Nel breve periodo, inoltre, difficilmente sia i Cpi sia i Comuni potranno prendere in carico tutta la notevole mole di nuovi utenti. Al fine di massimizzare i benefici effetti della fruizione dei servizi per i target più idonei suggeriamo di utilizzare, in una prima fase, i criteri di suddivisione iniziale – opportunamente integrati – per determinare un ordine di priorità temporale nell’invio ai servizi (logica dei codici del pronto soccorso/della gestione delle liste di attesa in sanità).

2.Il coordinamento tra Cpi e Servizi Sociali Comunali

Si ritiene auspicabile facilitare la possibilità che il nucleo o suoi singoli componenti possano, in qualunque momento successivo all’accesso iniziale presso uno dei due soggetti, ricorrere (anche) agli interventi previsti dall’altro, nell’ambito di una progettazione integrata delle risposte.

A tal fine suggeriamo di rafforzare l’attuale previsione della possibilità di ricevere servizi ed interventi sociali per i componenti dei nuclei che approdano ai Cpi (art 4, comma 13), anche dotando questi ultimi di strumenti di valutazione atti a verificare se nei nuclei compaiono esigenze richiedenti interventi sociali.

Evidentemente la necessità di rafforzare la collaborazione tra Cpi e Servizi Sociali Comunali non può essere risolta per via normativa, né solo potenziando una piattaforma digitale di dialogo e cooperazione applicativa. Dunque, il Decreto dovrebbe anche prevedere la predisposizione, in tempi rapidi, di linee guida per il coordinamento tra Cpi e Servizi Sociali Comunali, elaborate di intesa tra Stato e Conferenza delle Regioni.

3. Il welfare locale

È diffuso, nei territori, il timore che il passaggio al RdC vanifichi i faticosi processi di avviamento o rafforzamento della rete locale per il contrasto alla povertà realizzati con il Rei. Si tratta di un rischio da evitare, per non perdere il prezioso lavoro compiuto sinora nei territori.

Il rafforzamento della collaborazione tra Comuni e CPI, dunque, dovrebbe essere parte di una strategia complessiva per la promozione della rete del welfare locale. Una strategia che valorizzi la cooperazione tra i Comuni a livello di Ambito Sociale e poi con tutti i servizi territoriali, e promuova altresì il ruolo del Terzo Settore, nelle sue articolate componenti, nella programmazione e nella realizzazione di una strategia integrata di risposte locali contro la povertà in collaborazione con tutti gli attori della rete.

4. Il ruolo delle Regioni

Solo una sostanziale collaborazione il livello statale e le Regioni permetterà di costruire le condizioni necessarie ai territori per realizzare al meglio il RdC. Bisognerebbe, dunque, non solo riconoscere opportunamente nel Decreto il ruolo delle Regioni nell’architettura istituzionale del nostro Paese ma anche prevedere maggiori modalità di confronto e collaborazione tra le Regioni e lo Stato nei diversi passaggi legati all’implementazione della misura.

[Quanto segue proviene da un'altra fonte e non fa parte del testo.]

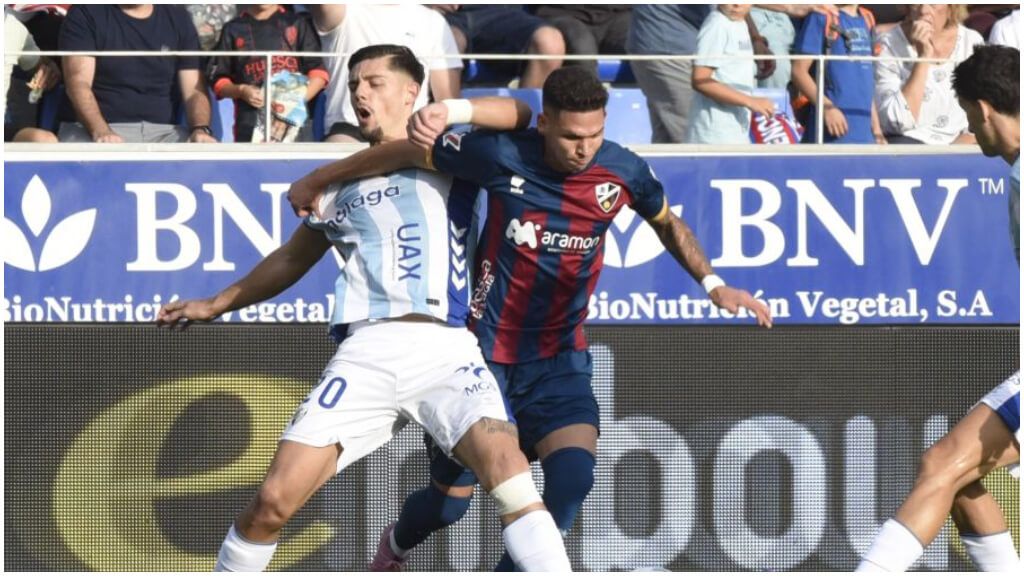 Imágenes del Huesca - Málaga. (LaLiga Hypermotion)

Pure cruciale è prevedere il ruolo delle Regioni nella programmazione dei servizi necessari all’attuazione del RdC nel proprio territorio e nella promozione di forme di collaborazione tra i diversi attori pubblici coinvolti nell’attuazione del RdC a livello territoriale (servizi sociali, CpI, istruzione, politiche abitative e salute) così come tra questi e le realtà associative e del terzo settore.

5. I progetti di utilità sociale

L’attuale formulazione dell’art 4, comma 15, dovrebbe essere rivista al fine tanto di rafforzare le tutele rispetto ai rischi insiti in tali progetti quanto di rendere possibile l’effettiva realizzazione delle loro potenzialità. Da una parte, infatti, pare necessario precisare che i progetti non debbono essere in alcun modo sostitutivi di attività retribuite svolte da altri attori e che la loro realizzazione ha natura temporanea. Dall’altra, sembra necessario rendere il vincolo delle 8 ore settimanali flessibile, in base al tipo di progetto e di utenza poiché, per alcune tipologie di interventi si tratta di un limite troppo basso.

Inoltre, gli innumerevoli aspetti legati all’attuazione di tali progetti suggeriscono che la norma rimandi ad un successivo atto amministrativo di dettaglio, in assenza del quale la loro messa in atto da parte dei Comuni sembra assai complessa.